Mental health is a major gap and an unaddressed risk in the current UK climate policy and health landscape. The second UK Climate Change Risk Assessment contains no explicit mention of “mental health” in relation to heat.[32] The Heatwave Plan published by Public Health England is signposted as a key policy intervention – but it is targeted mainly at physical health risks. First published in 2011, it is dominated by the physical health impacts and management strategies, with sparse, superficial coverage of mental health and no coverage of specific conditions. The third National Adaptation Programme (NAP) does not adequately cover mental health risks from heat; interestingly, both the CCRA and NAP recognise that flood impacts and the displacement of people from, or loss of, their homes, are mental health risks to be addressed through appropriate flood defence planning.[33] There is no equivalent conclusion on heat and mental health. Measures in the Net Zero Strategy and Heat and Buildings Strategy that seek to mitigate the impact of rising temperatures would by extension address some of the adverse outcomes that we have identified in Section 1.

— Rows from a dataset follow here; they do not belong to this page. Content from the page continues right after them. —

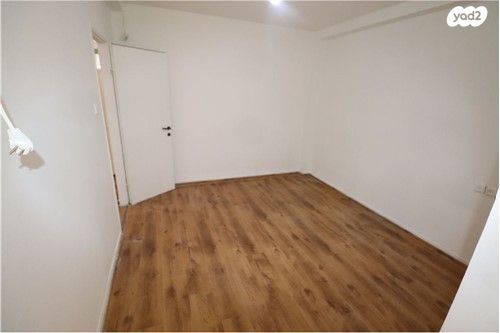 דירה, קריניצי 5, שכונת יהלום, מרכז העיר ב, רמת גן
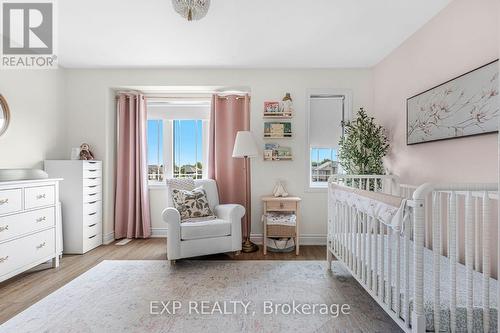 59 Edenrock Drive, Hamilton (Stoney Creek), ON - Indoor Photo Showing Bedroom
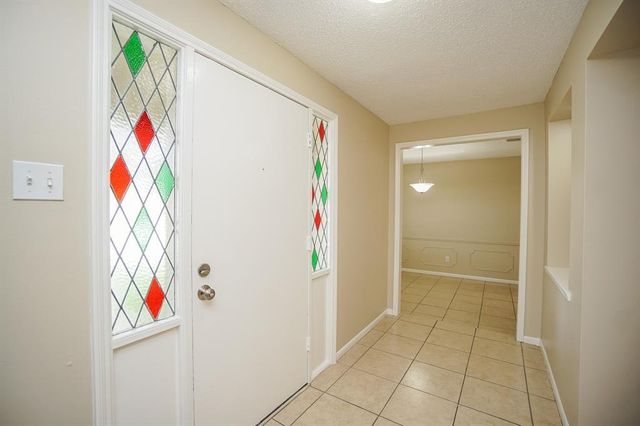 13626 Woodchester Drive, Sugar Land, TX 77498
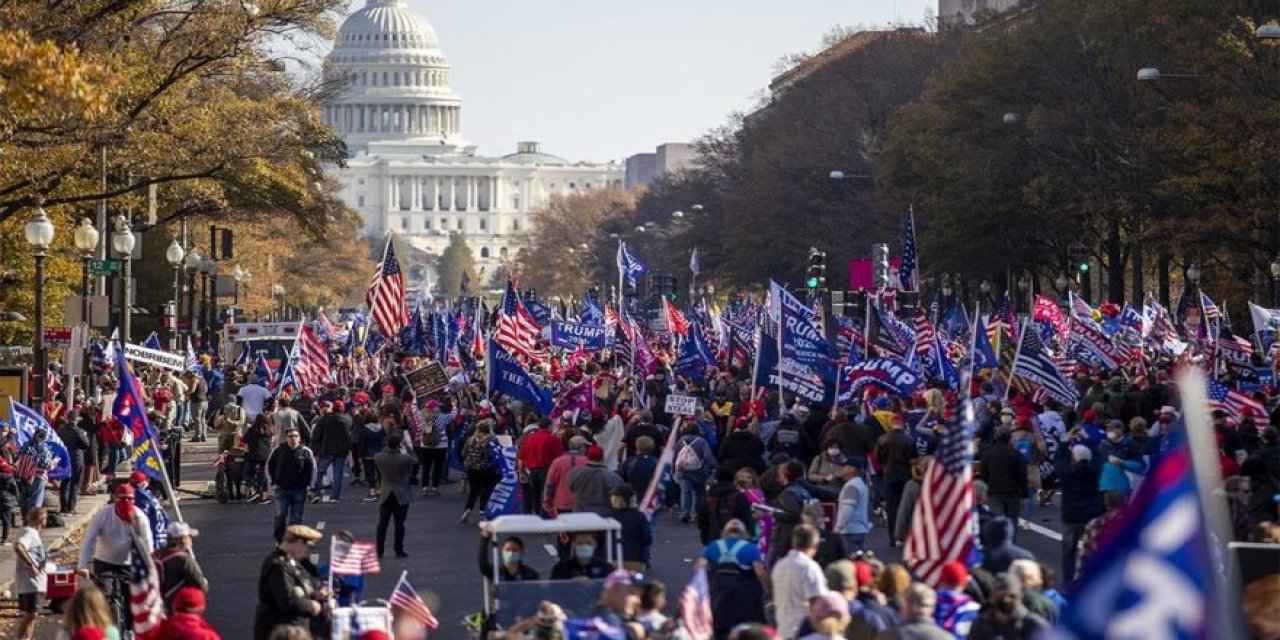 ABD’de Trump destekçileri seçim sonuçlarını protesto ederek, Yargıtay Binasına yürüdü.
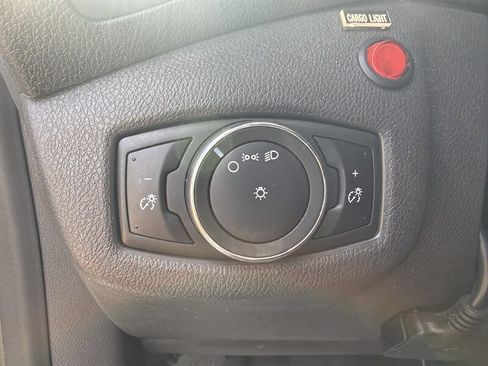 Used 2018 Ford Transit Connect XL FWD image 15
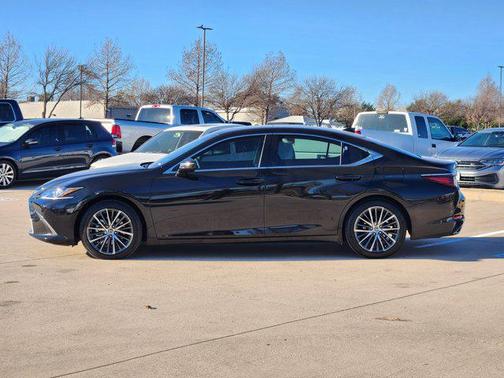 2023 Lexus ES 350 Base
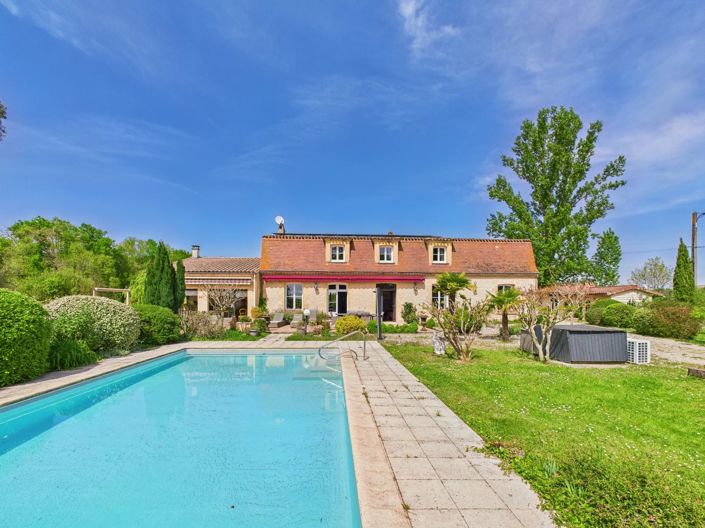 Image No.1-6 Bed House for sale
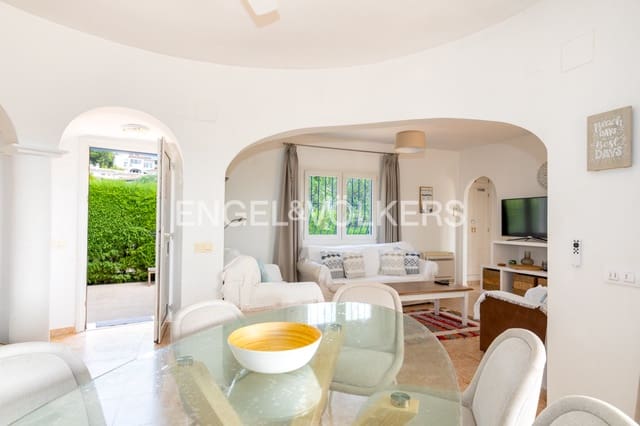 3 sypialnia Willa na sprzedaż w Moraira, Teulada-Moraira z basenem garażem - 780 000 € (Ref: 10000228)
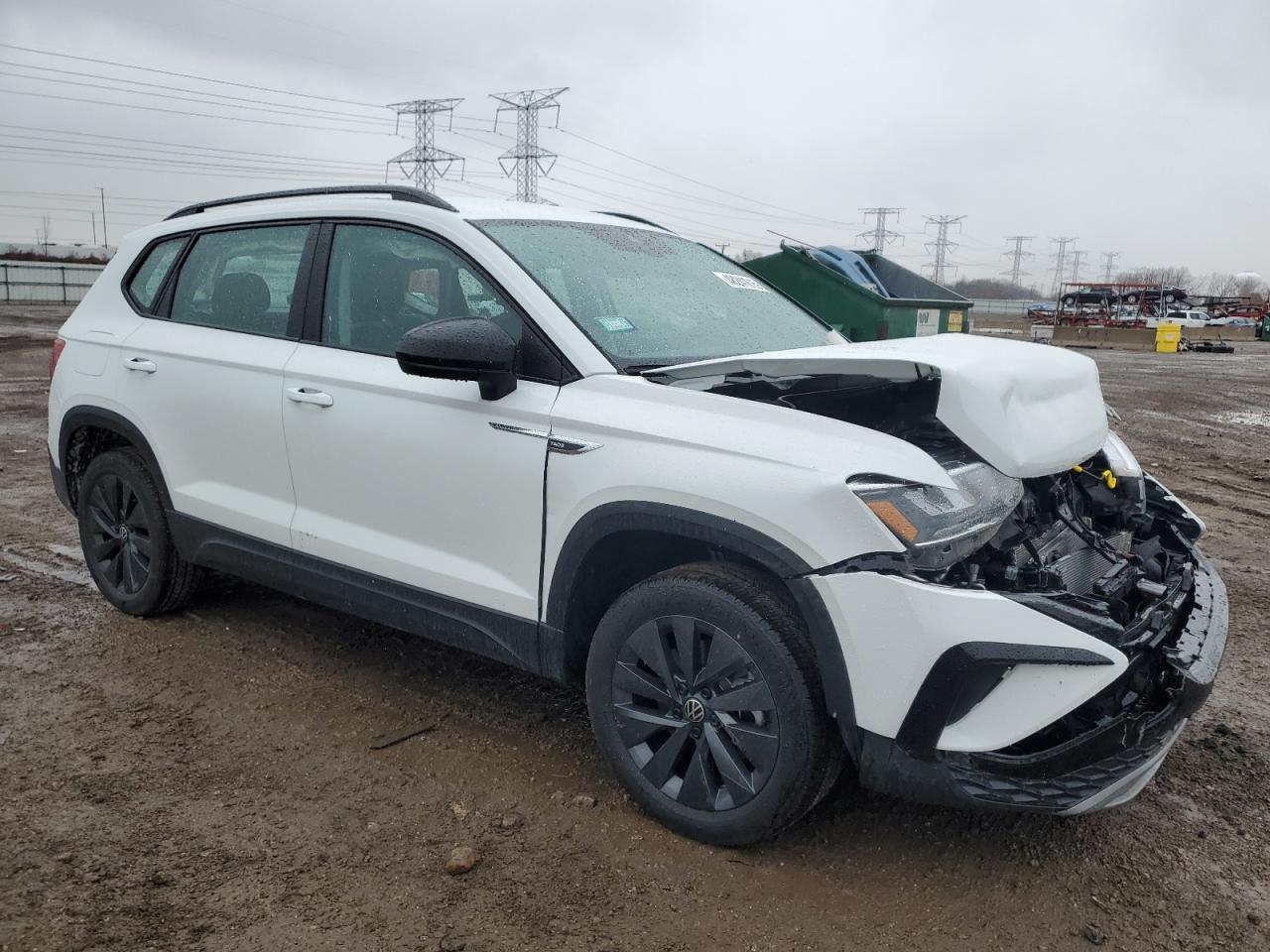 2024 Volkswagen Taos - Image 4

3.1 Action #1: Reframing public policy messaging on climate and mental health
The prelude to tangible action on the mental health impacts of heatwaves is reframing the nature of the problem within policymaking, and using appropriate and effective public policy messaging.
Addressing the interrelated challenges of heatwaves and mental health – and the problematic interplay between them – will require a multi-faceted approach that brings together a variety of different stakeholders and institutions, including researchers, medical practitioners, public and private healthcare systems, and the public. As we learn more about the impact of heatwaves on mental health, health policy must be reoriented to incorporate this improved understanding; and proactive, evidenced-based approaches must be implemented into public and private healthcare systems alike.
In combination – a reframing of public policy messaging could both direct attention to and increase awareness within the populations most vulnerable to the impacts of extreme heat on mental health.
3.2 Action #2: Leveraging Sensitive Intervention Points (SIPs) in policymaking on heat and health
Most failures in policymaking can be attributed to the lack of accounting for interdependencies between different sectors, agents and stakeholders in an economy and society. Policies to address heat and mental health are susceptible to the same obstacle, yet policymakers have to balance the concerns of the individual (or groups of) constituent(s) against a desire to move the ‘system’ forward as a whole. Academics have emphasised a ‘systems’ approach – put simply, one in which policy intervention in one part of a ‘system’ (e.g. an economy) does not lead to negative outcomes in another part. This has proved challenging to follow in practice.[35]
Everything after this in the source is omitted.